[Records from a data collection]
--------------------------------------------------

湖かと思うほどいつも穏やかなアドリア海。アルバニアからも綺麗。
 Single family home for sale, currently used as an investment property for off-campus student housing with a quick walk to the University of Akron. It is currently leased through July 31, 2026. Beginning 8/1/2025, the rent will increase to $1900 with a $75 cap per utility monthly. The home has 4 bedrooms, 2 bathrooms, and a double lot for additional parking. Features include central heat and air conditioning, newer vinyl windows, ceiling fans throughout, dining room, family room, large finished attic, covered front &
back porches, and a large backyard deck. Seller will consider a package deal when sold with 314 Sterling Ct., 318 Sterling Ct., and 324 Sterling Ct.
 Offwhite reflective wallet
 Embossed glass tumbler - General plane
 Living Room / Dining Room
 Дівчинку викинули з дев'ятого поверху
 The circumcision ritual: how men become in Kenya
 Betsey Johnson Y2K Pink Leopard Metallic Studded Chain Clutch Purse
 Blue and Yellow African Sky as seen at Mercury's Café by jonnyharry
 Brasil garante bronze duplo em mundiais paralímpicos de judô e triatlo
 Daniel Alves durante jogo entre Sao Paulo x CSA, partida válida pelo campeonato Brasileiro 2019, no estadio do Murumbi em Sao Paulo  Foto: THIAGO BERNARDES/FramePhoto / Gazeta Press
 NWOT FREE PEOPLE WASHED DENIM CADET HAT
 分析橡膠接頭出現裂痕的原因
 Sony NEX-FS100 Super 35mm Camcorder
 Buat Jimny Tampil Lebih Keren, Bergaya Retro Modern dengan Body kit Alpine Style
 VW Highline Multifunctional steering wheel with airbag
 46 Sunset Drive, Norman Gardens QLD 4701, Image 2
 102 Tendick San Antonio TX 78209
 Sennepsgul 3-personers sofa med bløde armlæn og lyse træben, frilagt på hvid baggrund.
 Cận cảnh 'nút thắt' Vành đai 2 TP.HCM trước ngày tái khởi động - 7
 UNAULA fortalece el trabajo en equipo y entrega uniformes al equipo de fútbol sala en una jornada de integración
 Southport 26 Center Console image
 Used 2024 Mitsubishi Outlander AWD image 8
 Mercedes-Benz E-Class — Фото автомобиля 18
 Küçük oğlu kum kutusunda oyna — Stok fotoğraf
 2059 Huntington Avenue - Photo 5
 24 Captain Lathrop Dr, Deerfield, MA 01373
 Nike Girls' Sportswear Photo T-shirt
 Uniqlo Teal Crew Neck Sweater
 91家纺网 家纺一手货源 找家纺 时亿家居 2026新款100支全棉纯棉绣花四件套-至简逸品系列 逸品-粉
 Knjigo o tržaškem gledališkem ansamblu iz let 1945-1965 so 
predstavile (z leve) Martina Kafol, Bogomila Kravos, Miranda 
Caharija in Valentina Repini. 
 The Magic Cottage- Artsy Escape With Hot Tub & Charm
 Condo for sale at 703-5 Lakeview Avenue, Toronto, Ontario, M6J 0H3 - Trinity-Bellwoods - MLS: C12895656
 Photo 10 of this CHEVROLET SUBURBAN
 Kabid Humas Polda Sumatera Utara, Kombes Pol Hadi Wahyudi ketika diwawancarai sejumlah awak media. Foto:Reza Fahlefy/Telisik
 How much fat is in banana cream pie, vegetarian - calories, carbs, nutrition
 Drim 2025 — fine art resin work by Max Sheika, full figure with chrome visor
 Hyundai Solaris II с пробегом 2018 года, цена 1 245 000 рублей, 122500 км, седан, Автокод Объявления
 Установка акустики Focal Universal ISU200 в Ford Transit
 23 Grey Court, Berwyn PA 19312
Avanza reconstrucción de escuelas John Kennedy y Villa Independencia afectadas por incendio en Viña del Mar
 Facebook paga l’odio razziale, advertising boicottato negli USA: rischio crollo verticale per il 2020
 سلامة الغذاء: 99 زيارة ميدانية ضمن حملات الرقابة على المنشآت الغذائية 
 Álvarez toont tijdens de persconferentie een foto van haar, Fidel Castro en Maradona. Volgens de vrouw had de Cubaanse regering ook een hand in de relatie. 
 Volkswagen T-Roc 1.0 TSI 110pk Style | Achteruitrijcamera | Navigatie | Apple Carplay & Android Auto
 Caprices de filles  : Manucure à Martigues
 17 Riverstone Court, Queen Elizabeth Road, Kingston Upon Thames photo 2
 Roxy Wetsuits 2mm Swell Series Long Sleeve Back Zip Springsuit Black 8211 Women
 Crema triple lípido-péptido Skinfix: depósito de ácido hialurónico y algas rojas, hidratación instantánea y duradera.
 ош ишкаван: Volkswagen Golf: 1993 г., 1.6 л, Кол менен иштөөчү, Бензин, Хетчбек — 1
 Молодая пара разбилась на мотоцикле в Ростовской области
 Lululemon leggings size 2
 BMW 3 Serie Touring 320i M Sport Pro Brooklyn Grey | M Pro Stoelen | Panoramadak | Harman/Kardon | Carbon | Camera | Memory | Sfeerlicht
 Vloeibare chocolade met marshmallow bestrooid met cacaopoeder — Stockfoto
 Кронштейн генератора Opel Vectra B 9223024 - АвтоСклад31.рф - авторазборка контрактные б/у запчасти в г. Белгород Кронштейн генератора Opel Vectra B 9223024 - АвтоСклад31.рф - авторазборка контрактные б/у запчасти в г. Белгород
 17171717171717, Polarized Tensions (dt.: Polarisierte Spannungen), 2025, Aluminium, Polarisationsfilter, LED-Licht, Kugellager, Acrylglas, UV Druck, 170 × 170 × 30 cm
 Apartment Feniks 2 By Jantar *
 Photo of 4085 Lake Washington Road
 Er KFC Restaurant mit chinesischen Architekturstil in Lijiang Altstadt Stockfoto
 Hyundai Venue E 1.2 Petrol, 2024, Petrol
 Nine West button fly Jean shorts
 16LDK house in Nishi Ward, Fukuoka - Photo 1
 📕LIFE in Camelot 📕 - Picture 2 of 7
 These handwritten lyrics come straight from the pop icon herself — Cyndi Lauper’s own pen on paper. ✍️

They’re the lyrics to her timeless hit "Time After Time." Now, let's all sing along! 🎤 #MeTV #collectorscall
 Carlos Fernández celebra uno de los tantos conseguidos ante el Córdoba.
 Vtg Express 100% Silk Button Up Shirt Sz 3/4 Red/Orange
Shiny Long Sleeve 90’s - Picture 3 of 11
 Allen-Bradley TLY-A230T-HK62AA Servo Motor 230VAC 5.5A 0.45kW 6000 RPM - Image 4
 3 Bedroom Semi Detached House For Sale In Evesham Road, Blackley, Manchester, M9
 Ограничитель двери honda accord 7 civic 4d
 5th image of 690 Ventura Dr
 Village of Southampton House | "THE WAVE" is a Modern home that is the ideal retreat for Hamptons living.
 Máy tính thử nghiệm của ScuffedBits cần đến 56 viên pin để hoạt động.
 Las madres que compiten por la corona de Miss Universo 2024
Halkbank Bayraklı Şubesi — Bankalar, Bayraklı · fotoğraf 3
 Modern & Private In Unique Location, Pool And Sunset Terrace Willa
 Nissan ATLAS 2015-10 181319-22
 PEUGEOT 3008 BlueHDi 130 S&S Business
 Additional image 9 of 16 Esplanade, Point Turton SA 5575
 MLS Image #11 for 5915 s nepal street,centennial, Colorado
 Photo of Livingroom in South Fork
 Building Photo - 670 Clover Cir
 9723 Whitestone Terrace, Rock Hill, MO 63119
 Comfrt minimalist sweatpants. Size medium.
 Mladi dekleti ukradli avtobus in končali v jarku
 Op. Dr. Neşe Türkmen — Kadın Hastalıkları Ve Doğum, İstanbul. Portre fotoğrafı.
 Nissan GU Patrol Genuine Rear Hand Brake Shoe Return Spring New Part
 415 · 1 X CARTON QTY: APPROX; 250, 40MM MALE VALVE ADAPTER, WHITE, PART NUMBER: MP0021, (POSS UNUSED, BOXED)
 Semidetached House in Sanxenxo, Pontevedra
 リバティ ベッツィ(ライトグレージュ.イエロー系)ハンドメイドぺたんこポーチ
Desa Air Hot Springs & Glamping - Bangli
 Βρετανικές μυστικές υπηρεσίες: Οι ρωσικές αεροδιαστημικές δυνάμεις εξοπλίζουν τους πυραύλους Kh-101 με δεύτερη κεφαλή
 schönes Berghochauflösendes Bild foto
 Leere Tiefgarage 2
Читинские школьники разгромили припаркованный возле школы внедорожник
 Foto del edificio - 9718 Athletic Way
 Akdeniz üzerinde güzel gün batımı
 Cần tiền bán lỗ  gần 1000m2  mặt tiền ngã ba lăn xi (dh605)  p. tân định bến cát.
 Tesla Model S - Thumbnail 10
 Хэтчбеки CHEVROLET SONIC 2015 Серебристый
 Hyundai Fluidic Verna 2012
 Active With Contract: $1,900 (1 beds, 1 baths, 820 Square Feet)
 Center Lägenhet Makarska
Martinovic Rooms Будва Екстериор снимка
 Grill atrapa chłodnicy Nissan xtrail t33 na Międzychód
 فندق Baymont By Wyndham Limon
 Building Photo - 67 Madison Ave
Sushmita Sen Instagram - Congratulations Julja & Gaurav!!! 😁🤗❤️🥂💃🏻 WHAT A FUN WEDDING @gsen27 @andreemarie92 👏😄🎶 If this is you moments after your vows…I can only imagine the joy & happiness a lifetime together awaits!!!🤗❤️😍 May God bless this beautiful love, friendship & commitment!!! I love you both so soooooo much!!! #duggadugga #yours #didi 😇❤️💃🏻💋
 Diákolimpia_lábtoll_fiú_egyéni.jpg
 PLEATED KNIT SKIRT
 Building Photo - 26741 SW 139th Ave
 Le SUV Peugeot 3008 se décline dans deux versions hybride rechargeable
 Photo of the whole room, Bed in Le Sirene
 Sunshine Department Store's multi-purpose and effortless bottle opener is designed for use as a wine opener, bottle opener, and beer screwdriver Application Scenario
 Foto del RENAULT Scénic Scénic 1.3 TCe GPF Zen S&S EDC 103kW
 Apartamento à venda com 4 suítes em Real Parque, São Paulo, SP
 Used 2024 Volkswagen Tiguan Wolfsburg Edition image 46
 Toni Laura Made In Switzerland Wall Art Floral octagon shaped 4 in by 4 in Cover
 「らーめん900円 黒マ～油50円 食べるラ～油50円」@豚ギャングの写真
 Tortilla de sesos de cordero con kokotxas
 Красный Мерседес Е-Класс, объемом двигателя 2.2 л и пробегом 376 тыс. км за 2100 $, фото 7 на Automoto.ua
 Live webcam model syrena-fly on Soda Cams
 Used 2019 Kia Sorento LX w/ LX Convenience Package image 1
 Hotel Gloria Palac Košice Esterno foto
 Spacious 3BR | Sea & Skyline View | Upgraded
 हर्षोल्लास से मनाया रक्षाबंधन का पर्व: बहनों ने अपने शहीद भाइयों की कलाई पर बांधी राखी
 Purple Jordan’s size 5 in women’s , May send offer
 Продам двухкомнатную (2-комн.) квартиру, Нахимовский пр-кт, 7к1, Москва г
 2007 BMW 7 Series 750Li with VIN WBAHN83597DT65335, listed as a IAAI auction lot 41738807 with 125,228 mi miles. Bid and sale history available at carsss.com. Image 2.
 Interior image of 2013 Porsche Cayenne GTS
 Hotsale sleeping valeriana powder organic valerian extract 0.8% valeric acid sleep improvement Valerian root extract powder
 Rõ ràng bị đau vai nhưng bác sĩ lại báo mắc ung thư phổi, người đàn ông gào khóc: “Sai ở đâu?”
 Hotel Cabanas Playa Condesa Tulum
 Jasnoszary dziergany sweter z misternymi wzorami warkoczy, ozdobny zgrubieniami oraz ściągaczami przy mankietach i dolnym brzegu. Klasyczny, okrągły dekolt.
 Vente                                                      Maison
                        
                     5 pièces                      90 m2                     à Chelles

--------------------------------------------------

**WHAT TO PRODUCE:**
From the data above, return every line from the line that has "Used 2024 Mitsubishi Outlander AWD image 8" up to and including the line that has "Caharija in Valentina Repini.", exactly.

**ANSWER BELOW:**
 Used 2024 Mitsubishi Outlander AWD image 8
 Mercedes-Benz E-Class — Фото автомобиля 18
 Küçük oğlu kum kutusunda oyna — Stok fotoğraf
 2059 Huntington Avenue - Photo 5
 24 Captain Lathrop Dr, Deerfield, MA 01373
 Nike Girls' Sportswear Photo T-shirt
 Uniqlo Teal Crew Neck Sweater
 91家纺网 家纺一手货源 找家纺 时亿家居 2026新款100支全棉纯棉绣花四件套-至简逸品系列 逸品-粉
 Knjigo o tržaškem gledališkem ansamblu iz let 1945-1965 so 
predstavile (z leve) Martina Kafol, Bogomila Kravos, Miranda 
Caharija in Valentina Repini. 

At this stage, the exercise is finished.